We arrived at the rendezvous point just before twilight, pulling the SUV between a pair of boat trailers parked in the field overlooking the river. The guys had a sizable stack of stuff piled up for the evening's bonfire down by the waterfront campsite, where a couple of tents were pitched on a grassy bench of river bank that smelled freshly mowed and weed-whacked for the occasion.
To get down to the site, my 11-year-old son Ethan and I negotiated a staggered column of cinder blocks set in the dirt slope to serve as steps. The steep bank was worn by the Muskingum River and flanks the flow for much of its meandering through the broad valley the river has cut through the hill country of southeastern Ohio.
As handshakes, nods and a few beers were popped and exchanged in greeting, one fellow soaked the burn site with a steady pee-sized stream of kerosene. I noticed the pile was comprised of river flotsam that included driftwood, pieces of furniture, a tatter of shag carpeting, some warped wood paneling and a Christmas tree eight months past its prime. Ethan's eyes got wide as a railroad flare was struck, spitting pink flame, and tossed into the bowels of the pile to ignite a sudden and substantial pyre. I learned later my boy thought it was a stick of dynamite and was too scared to run.
A few boats were tied up at the small floating dock that set a bit crooked as the slow flow of the river pressured it to move on downstream where, 40 miles distant, the mighty Muskingum joins the Ohio at the former frontier river town of Marietta.

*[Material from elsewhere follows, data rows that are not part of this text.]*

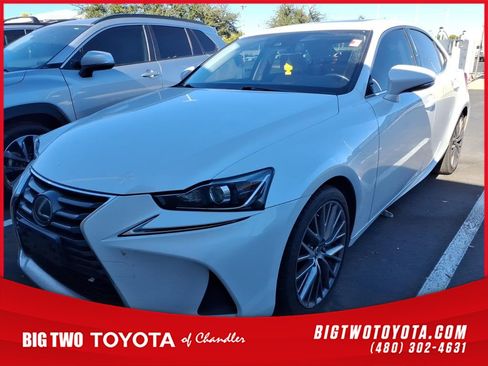 Used 2017 Lexus IS 200t image 1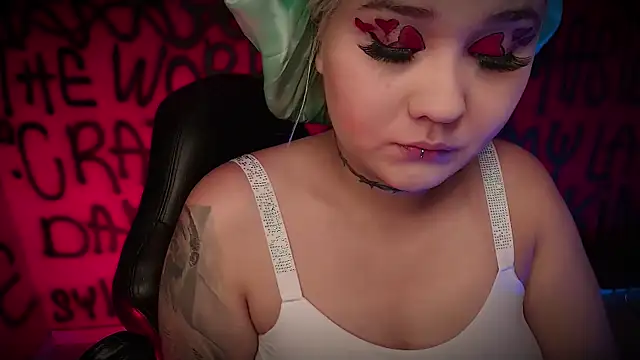 Snapshot of Laura_takint chatting on February 2025 04:09:02 PM Laura takint online show from February 2025 04:09:02 PM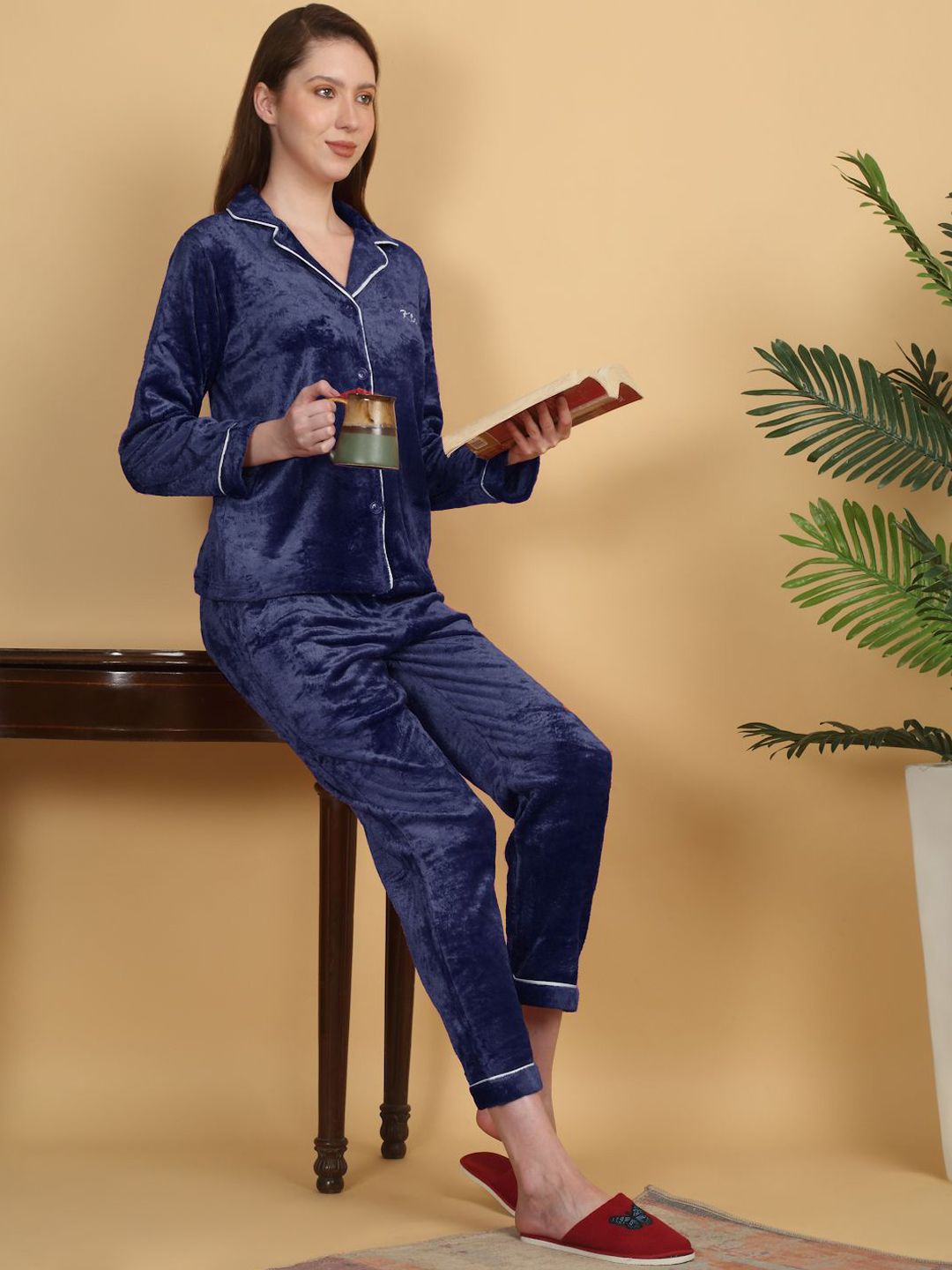 KLOTTHE Lapel Collar Woollen Shirt With Pyjamas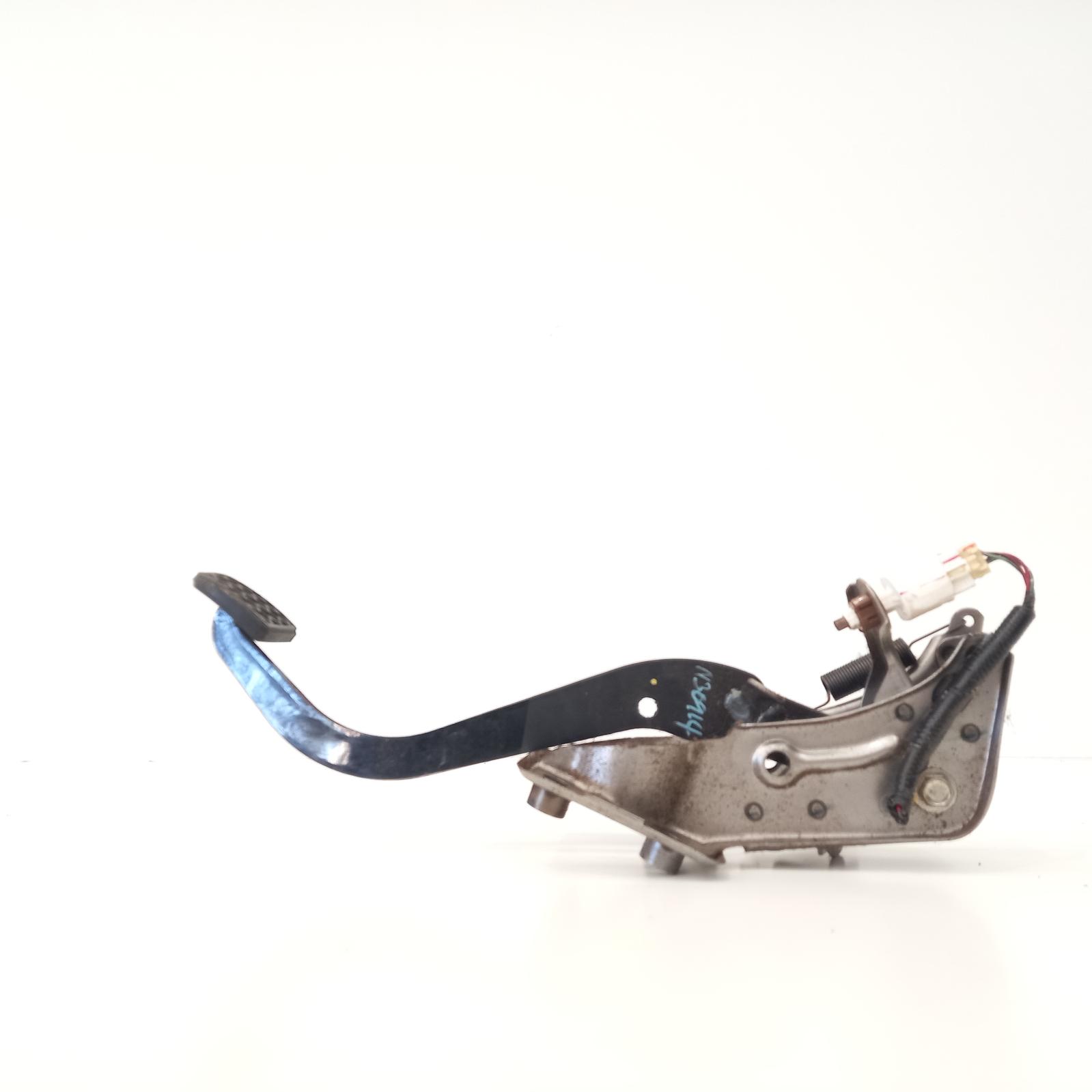 View Auto part Pedal Assembly Toyota Hilux 2014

My son and I were guests of a group of boaters, several of them PDB readers, who for the past 15 years have been meeting the second weekend after Labor Day to cruise the historic waterway. The stag affair has matured to include three generations of father-son teams and friends who get away from the women one weekend a year to run whatever boats they happen to own at the time. Some years they cruise up the river to Zanesville; most often the flotilla follows the flow downstream for a day, locking through no fewer than seven ancient lock and dam structures along the route to historic Marietta. On the route, they will clear no fewer than seven rustic, hand-powered, wood-doored locks that have kept the river navigable for more than a century and a half and are now part of a linear state park that flanks the river along much of its length.

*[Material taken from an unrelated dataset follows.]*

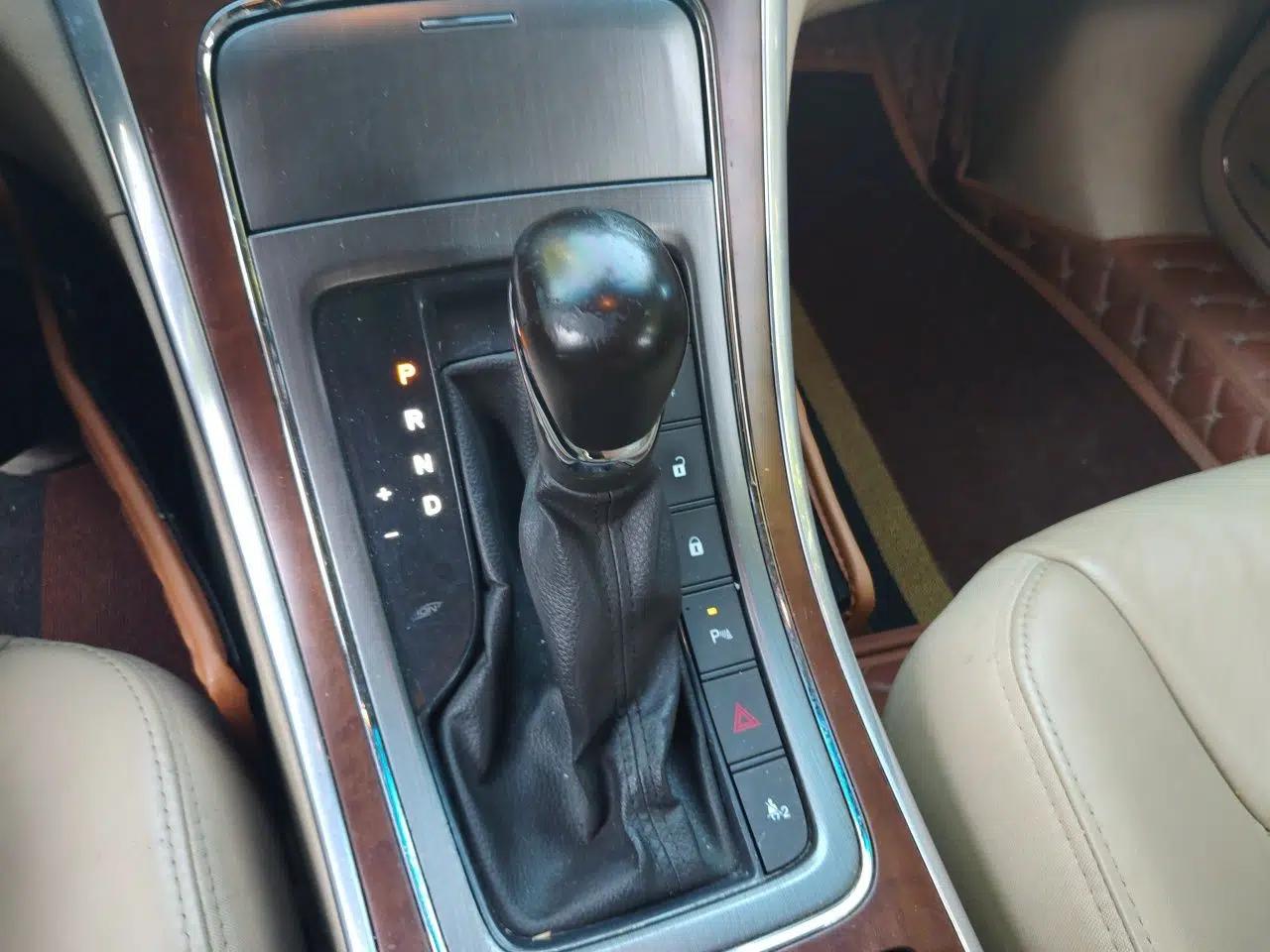 Roewe 950 2015 2.0T Luxury Executive Edition — миниатюра 15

Just up from the famous confluence where the Muskingum meets the Ohio at Marietta, the flotilla docks behind a waterfront motel. There, participants spend Saturday evening in town dining and maybe drinking some, shuttled to and fro by designated skippers who safely return everyone to their boats or motel rooms for a night's sleep.

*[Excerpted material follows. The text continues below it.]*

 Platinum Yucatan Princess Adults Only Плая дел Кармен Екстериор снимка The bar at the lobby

The next day, they burn the better part of the Sabbath retracing their wakes back to the dock at the campsite or to the launch ramp just upriver at the Stockport lock and dam. There, they help each other pull their boats and secure them on trailers for rides back to distant homes all over Ohio. Some participants see each other only at the annual river run. Others boat and fish and work or pal around together all season long.
It's a tight, loosely knit band of boaters who enjoy their craft, the river and the company for a special weekend each September. We felt honored to join `em for a run.